An object is located in a fixed position in front of a screen. Sharp image is obtained on the screen for two positions of a thin lens separated by 10 cm. The size of the images in two situations are in the ratio 3 : 3. What is the distance between the screen and the object?

In the displacement method, an object and screen are fixed at distance $$D$$ apart, and a thin lens forms a sharp image at two positions separated by $$d = 10$$ cm. For the two lens positions, the object and image distances are $$u_1 = \dfrac{D - d}{2}$$, $$v_1 = \dfrac{D + d}{2}$$ and $$u_2 = \dfrac{D + d}{2}$$, $$v_2 = \dfrac{D - d}{2}$$.

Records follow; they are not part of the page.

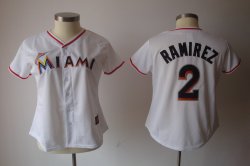 Florida Marlins #2 Hanley Ramirez White women MLB Jerseys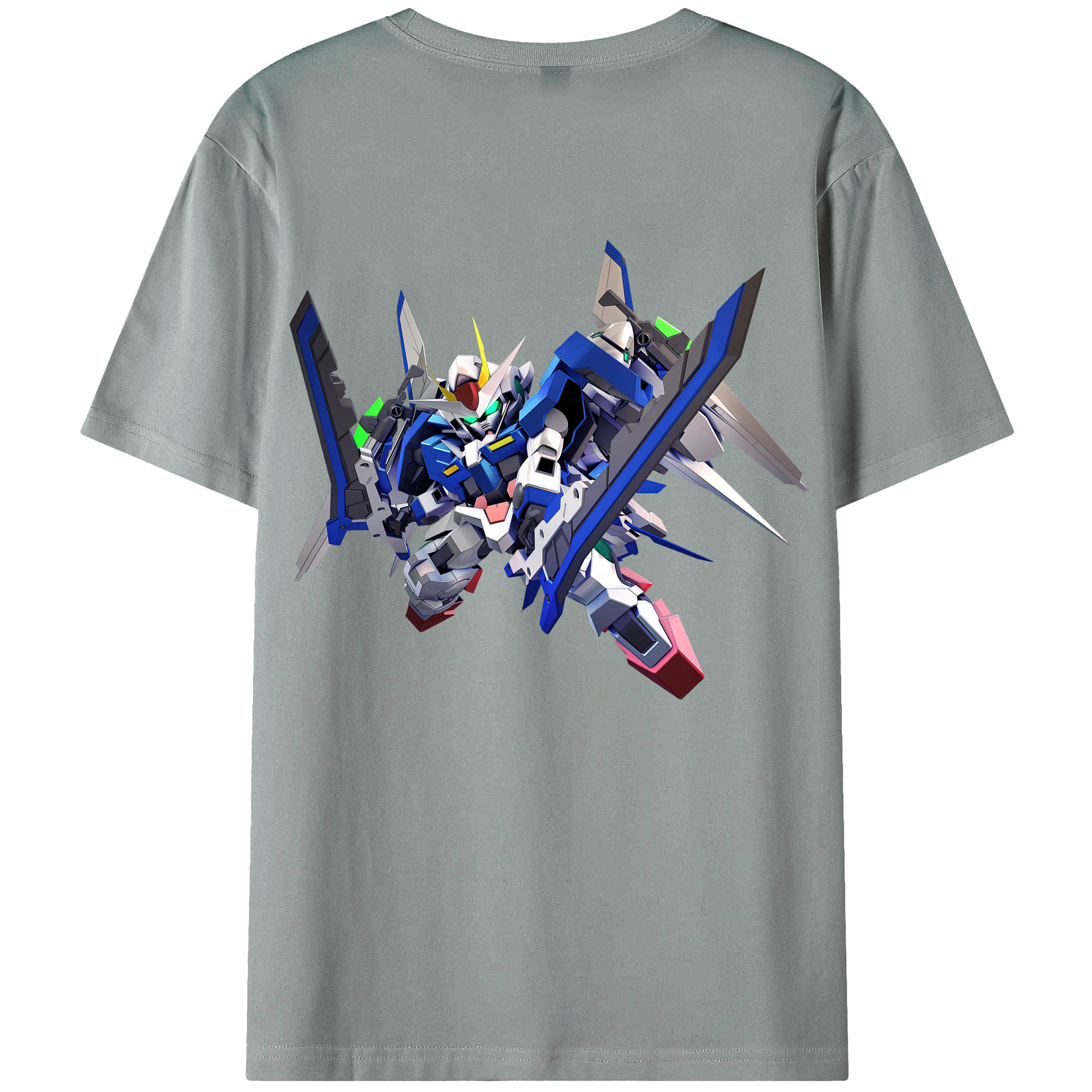 （画像用） 機動戦士ガンダム Mobile Suit Gundam 綿100％ メンズ半袖Tシャツ（バックプリント） 通気性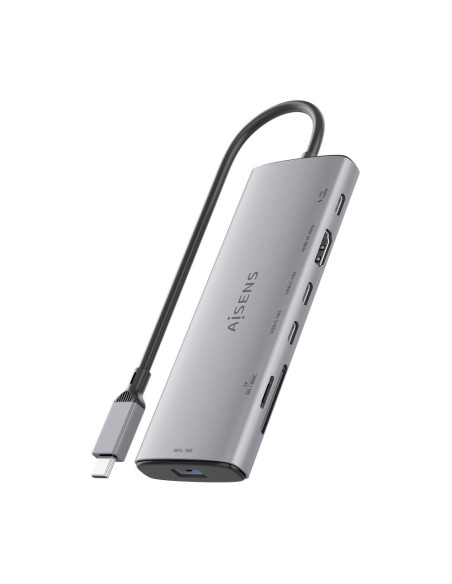 AISENS USB-C Dock 7 en 1, USB-C a 1xHDMI, 1xUSB-A 10G, 2xUSB-C 10G, 1xSD, 1xMicroSD, 1xUSB-C PD 100W, Gris, 20cm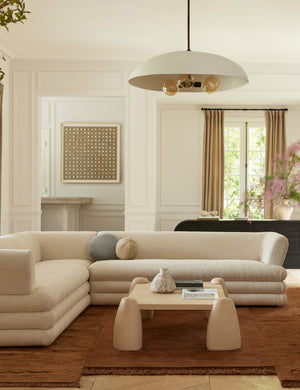 Babs Corner Sectional Sofa by Sarah Sherman Samuel : Latte Mini Corduroy / 115
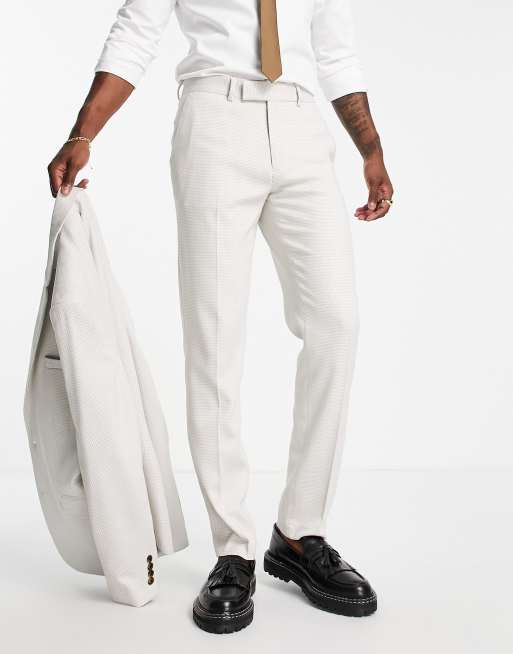 Pantalones de traje color piedra de corte slim de tejido texturizado de ojo de perdiz de ASOS DESIGN Wedding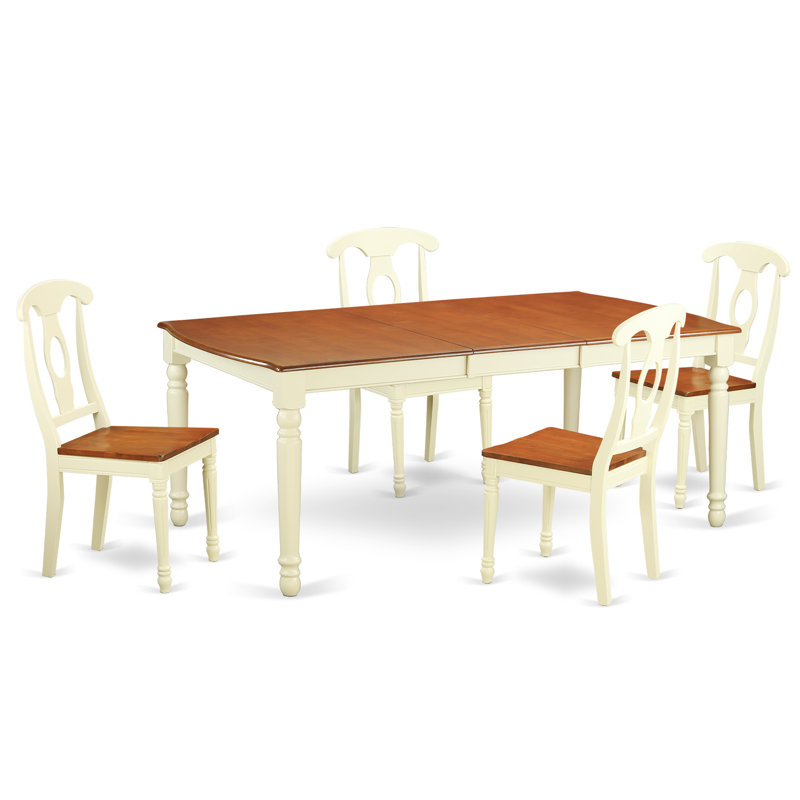 L'ensemble de mobilier de salle à manger 5 pièces comprend une table de cuisine rectangulaire avec rallonge papillon et 4 chaises de salle à manger, 42 po x 78 po, babeurre et cerise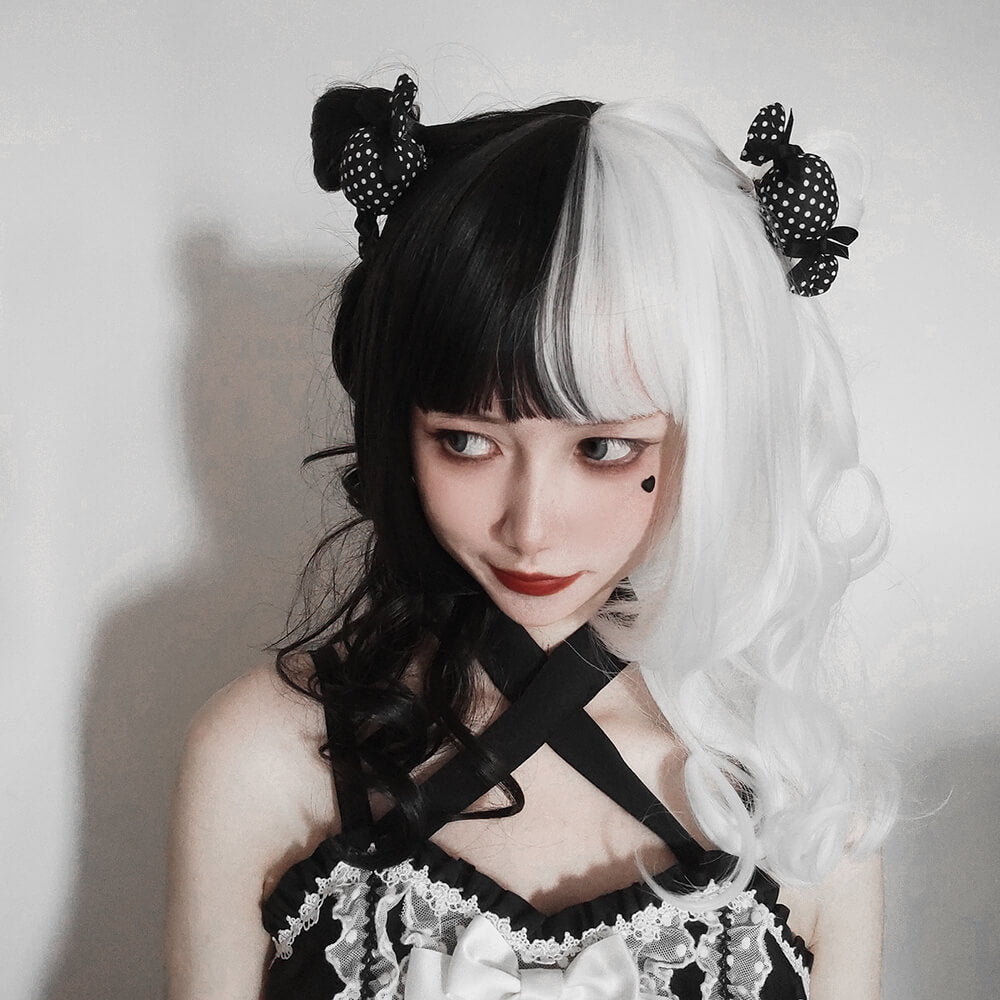 Gothic Black And White Split Wig With Bangs - Kawaiienvy – Kawaiienvy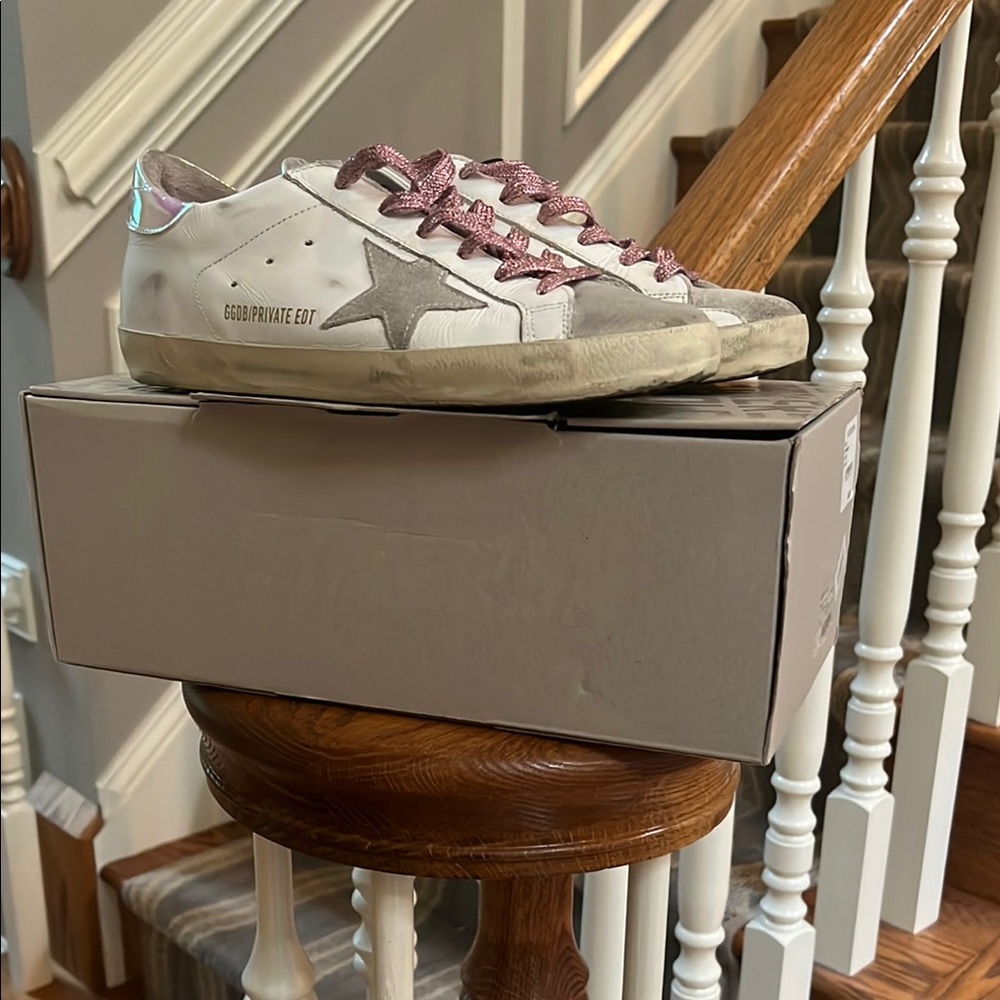 STILL SELLING 
Golden Goose White Sneakers with Glittery Pink Laces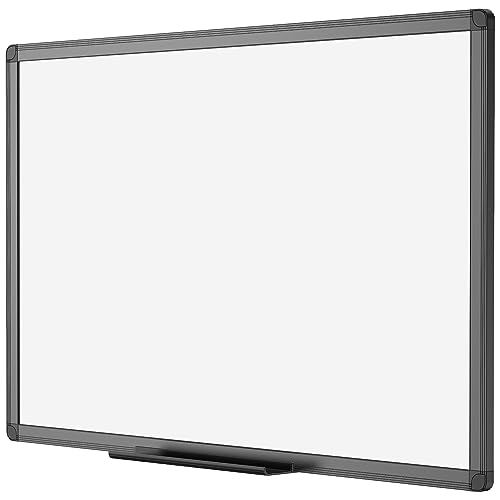 VIZ-PRO Magnetic Dry Erase White Board, 48 X 36 Inches, Black Aluminium Frame - Like New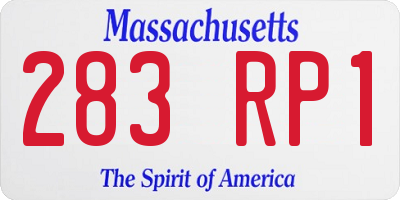 MA license plate 283RP1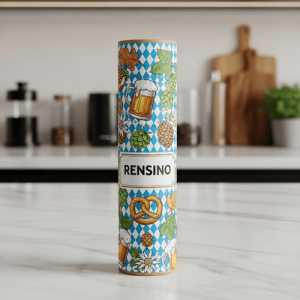 Bunter Papiertube mit Bierkrug- und Hopfenmuster, geeignet für Geschenk- oder Einzelhandelsverpackungen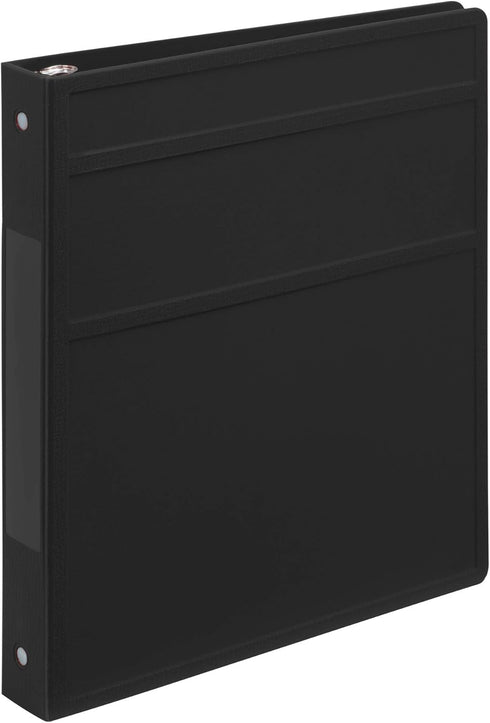 Carstens 1-Inch Heavy Duty 3-Ring Binder - Black, Side Opening, Durable Plastic, Waterproof Cover, Holds 125 Sheets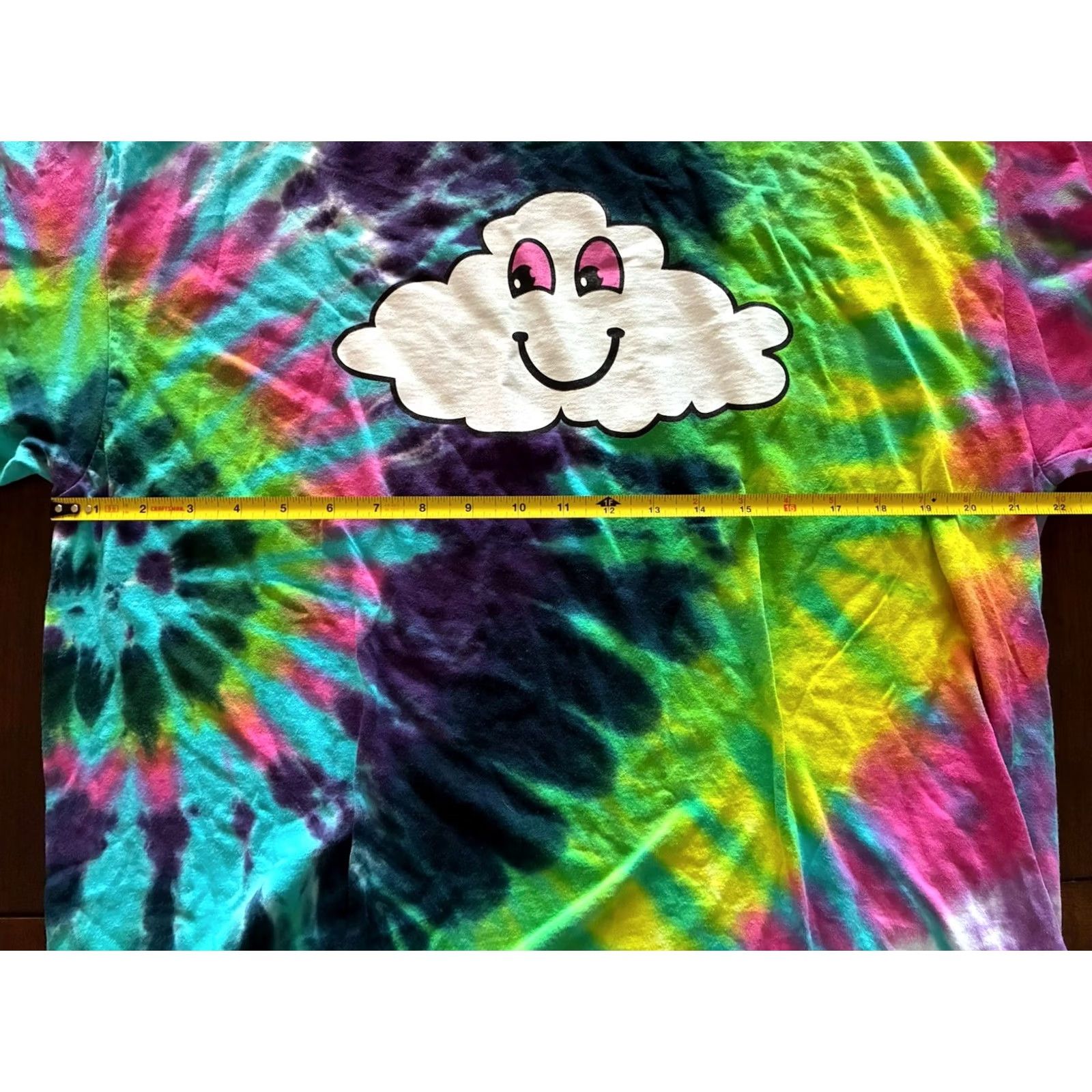 Vintage VINTAGE Smiley Cloud Shirt Tie Dye Mens XL Happy! Size US XL / EU 56 / 4 - 4 Thumbnail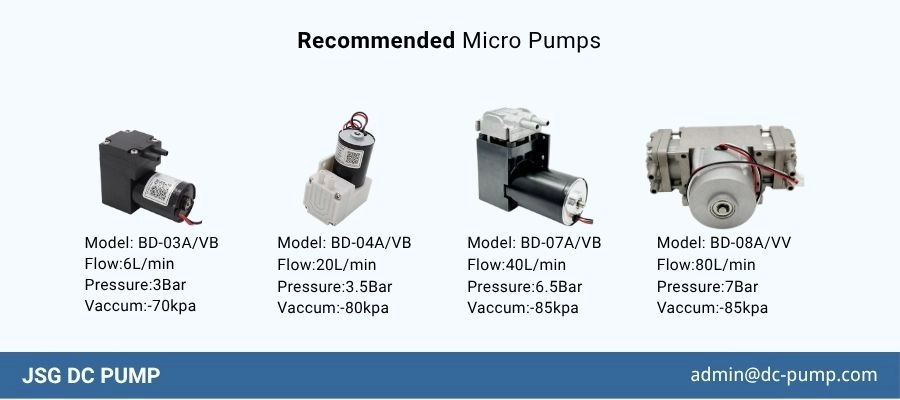 Micro pump system design with valves and tubing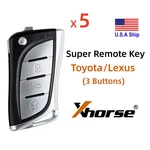5X Xhorse XELEX0EN Super Remote Key For Toyota/lexus Flip 3 Button Vvdi Tool. Fixed Price $59.95.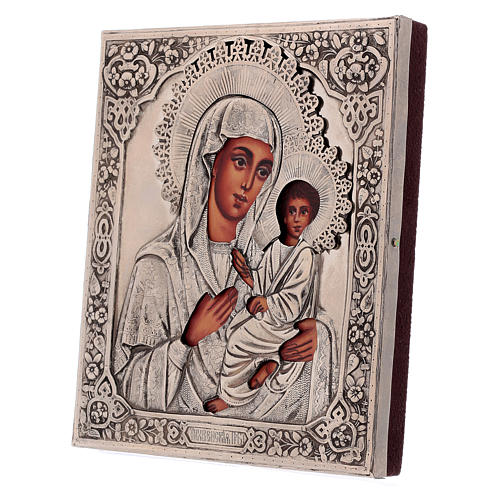 Icône Vierge de Tikhvine peinte avec riza 16x12 cm Pologne 3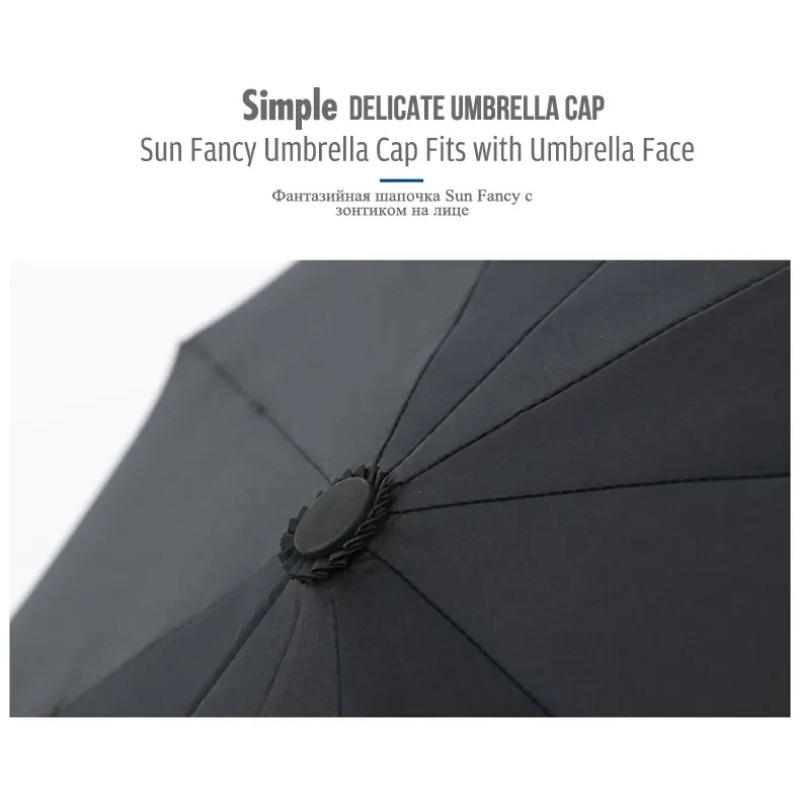 Vergrößerter doppellagiger Regen- und Sonnenschirm für Herren mit Doppelkiel und vollautomatischem Regenschirm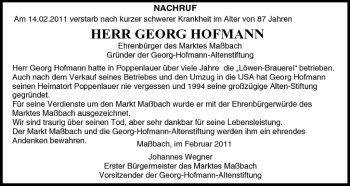 Anzeige von Georg Hofmann  von MGO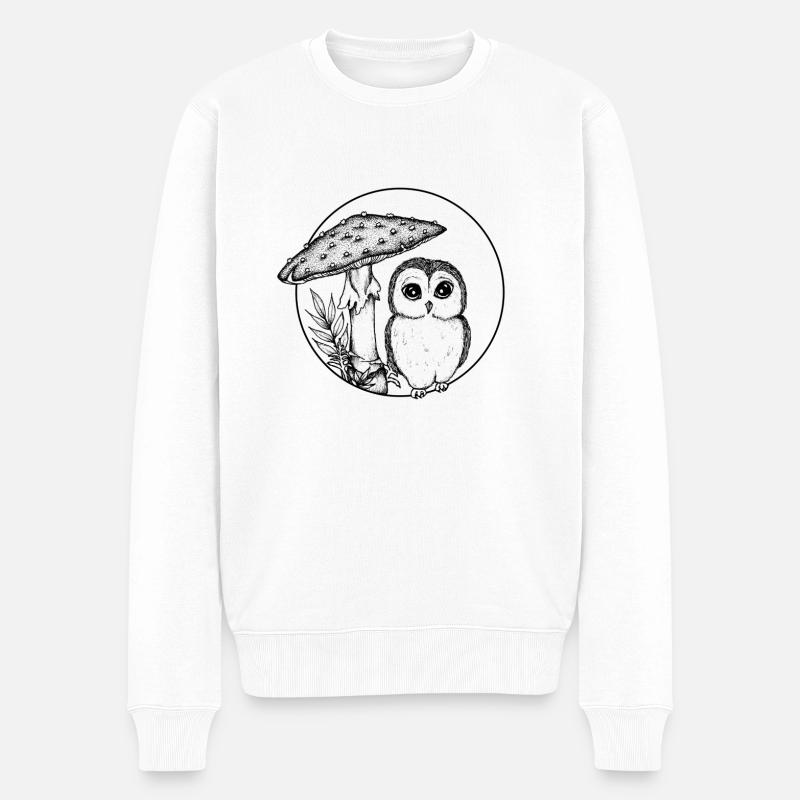 Eule und Pilz - Männer Premium Bio Pullover - Weiß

The linear magnifications are $$m_1 = \dfrac{v_1}{u_1} = \dfrac{D + d}{D - d}$$ and $$m_2 = \dfrac{v_2}{u_2} = \dfrac{D - d}{D + d}$$. The ratio of the image areas is $$\dfrac{m_1^2}{m_2^2} = \left(\dfrac{D+d}{D-d}\right)^4$$. Given that this ratio equals $$\dfrac{3}{2}$$, we get $$\left(\dfrac{D+d}{D-d}\right)^2 = \sqrt{\dfrac{3}{2}} = \dfrac{\sqrt{6}}{2}$$.

Taking the square root: $$\dfrac{D+d}{D-d} = \left(\dfrac{3}{2}\right)^{1/4}$$. However, a cleaner interpretation is that the linear magnification ratio satisfies $$\dfrac{m_1}{m_2} = \left(\dfrac{D+d}{D-d}\right)^2 = \dfrac{3}{2}$$, giving $$\dfrac{D+d}{D-d} = \sqrt{\dfrac{3}{2}} = \dfrac{\sqrt{6}}{2}$$.

Cross-multiplying: $$2(D + d) = \sqrt{6}(D - d)$$, so $$2D + 2d = \sqrt{6}\,D - \sqrt{6}\,d$$, which rearranges to $$D(\sqrt{6} - 2) = d(2 + \sqrt{6})$$. With $$d = 10$$: $$D = \dfrac{10(2 + \sqrt{6})}{\sqrt{6} - 2}$$.

Rationalizing by multiplying numerator and denominator by $$(\sqrt{6} + 2)$$: $$D = \dfrac{10(2 + \sqrt{6})(\sqrt{6} + 2)}{6 - 4} = \dfrac{10(2\sqrt{6} + 4 + 6 + 2\sqrt{6})}{2} = \dfrac{10(10 + 4\sqrt{6})}{2} = 50 + 20\sqrt{6}$$.

Since $$\sqrt{6} \approx 2.449$$, we get $$D = 50 + 48.99 \approx 99.0$$ cm.